The service lets you do awesome stuff like:

  • Unlimited long-distance
  • Have your voice mail sent to you in an email, or check it via the web, or send alert emails to let you know you have voice mail
  • Forward your calls to multiple locations and have them ring all at once, or in sequence
  • Schedule “do not disturb time“ when your phone will not ring (with an exception process for emergencies)
  • plus lots more I can't think of

And it costs much less than we've been paying for our home phone service.  This is starting to sound like a commercial, but I'm just excited about it.  If you're paying more than $40 for your home phone service, let me know and I'll send you a referral so we can both reap the rewards.

posted on Wednesday, May 26, 2004 10:22:46 AM (Pacific Standard Time, UTC-08:00)  #    Comments [4]
 Tuesday, May 25, 2004

I just got an email from Adobe touting the new features of Premiere Pro 1.5.  One of the features I'm really excited about is native support for my Panasonic DVX100's 24p and 24pa modes.  If done correctly, it would really reduce the number of steps in my 24p editing pipeline.  It's got a pretty compelling upgrade price of $99.  I haven't decided to get it.  I'd like to line up a specific project to use it on before I spring for it.

I haven't had the opportunity to try out Vegas Video, but one of the selling points there was the 24p support.  This may turn the tide a bit.

posted on Tuesday, May 25, 2004 8:43:35 AM (Pacific Standard Time, UTC-08:00)  #    Comments [0]

That sounds like a good band name.

After several people asked about the size of the turtle in a previous post, I realized that the small lens of my camera phone tends to exaggerate the perspective of things.  The turtle picture almost makes it look like a Galapagos tortoise in scale.  If you're interested in getting the actual size of the turtle, Jen's got a picture of Becky holding it in one of her posts, so you can see the size.  Her picture was taken with a “real” camera and has some nice detail.  She also does some interesting post-processing on her pictures that give them a very cool look.

posted on Tuesday, May 25, 2004 8:34:38 AM (Pacific Standard Time, UTC-08:00)  #    Comments [1]
 Sunday, May 23, 2004

Dave made his Barnes Family patented homemade pizza for us this evening.  It was delicious.  I have captured the process to share with you, but I've left out some key steps so you can't reproduce it.  Kind of like MacGuyver.

Delicious!  If you notice from the pictures, Dave has a pizza stone, which makes the crust come out extra perfect.

posted on Sunday, May 23, 2004 7:26:53 PM (Pacific Standard Time, UTC-08:00)  #    Comments [13]

We went with Jen and Dave to see Shrek II this afternoon, and now we're hanging out waitin for dave to make some of his excellent pizza.  Shrek II was very enjoyable.  Antonio Banderas is absolutely hilarious. 

On the way to the theater, we saw a turtle on the sidewalk, so we moved it to a less dangerous location.

Stay tuned for pizza pictures!!!

posted on Sunday, May 23, 2004 4:40:47 PM (Pacific Standard Time, UTC-08:00)  #    Comments [0]
 Saturday, May 22, 2004

The other day, I griped about phone numbers and suggested a DNS-mapping for phone numbers.

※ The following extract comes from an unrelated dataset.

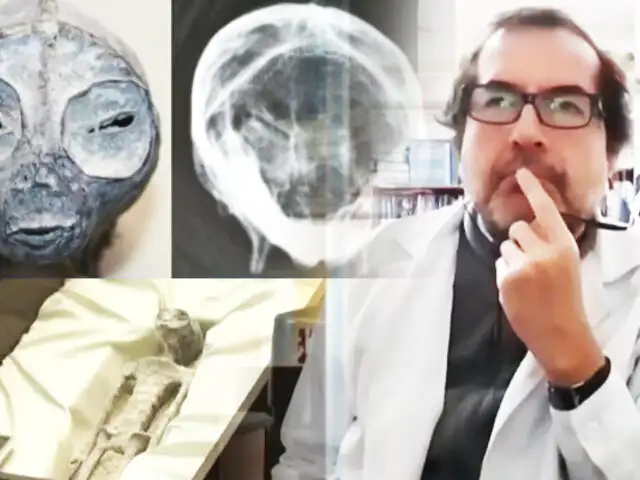 Arqueólogo Flavio Estrada: Supuestos extraterrestres hallados en Nazca son “muñecos armados”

Looks like this is underway on several fronts.  Here's a slashdot story that points to several of these projects.

posted on Saturday, May 22, 2004 2:11:02 PM (Pacific Standard Time, UTC-08:00)  #    Comments [0]
 Thursday, May 20, 2004

I've had my laptop for several months now, and in that time I thought I had exhausted the features and full explorered their possibilities.  I was wrong.  In an article I was reading (I can't remember why I was reading an article about a laptop I already own), someone mentioned that it had a SPDIF/out jack (optical digital audio output).

I knew this had to be a mistake, I don't have one of those...or do I.  I gave it another close inspection and realized that the headphone jack had two labels, one with a little picture resembling headphones, the other was a smal circle with a lightning bolt through it. So, either this was where The Flash plugged in, or it was trying to tell me something.  I removed the speaker cable and inserted an optical cable adapter. (that I just happened to have lying around)  Voila!  Beautiful, red laser light came streaming forth.

You can see it in the picture (taken with my phone).  It's the bright spot coming out of the leftmost of the three jacks on the front.  The middle is occupied by the mic, the far right is an S-Video jack disguised as an 1/8“ stereo jack.

posted on Thursday, May 20, 2004 7:39:06 PM (Pacific Standard Time, UTC-08:00)  #    Comments [0]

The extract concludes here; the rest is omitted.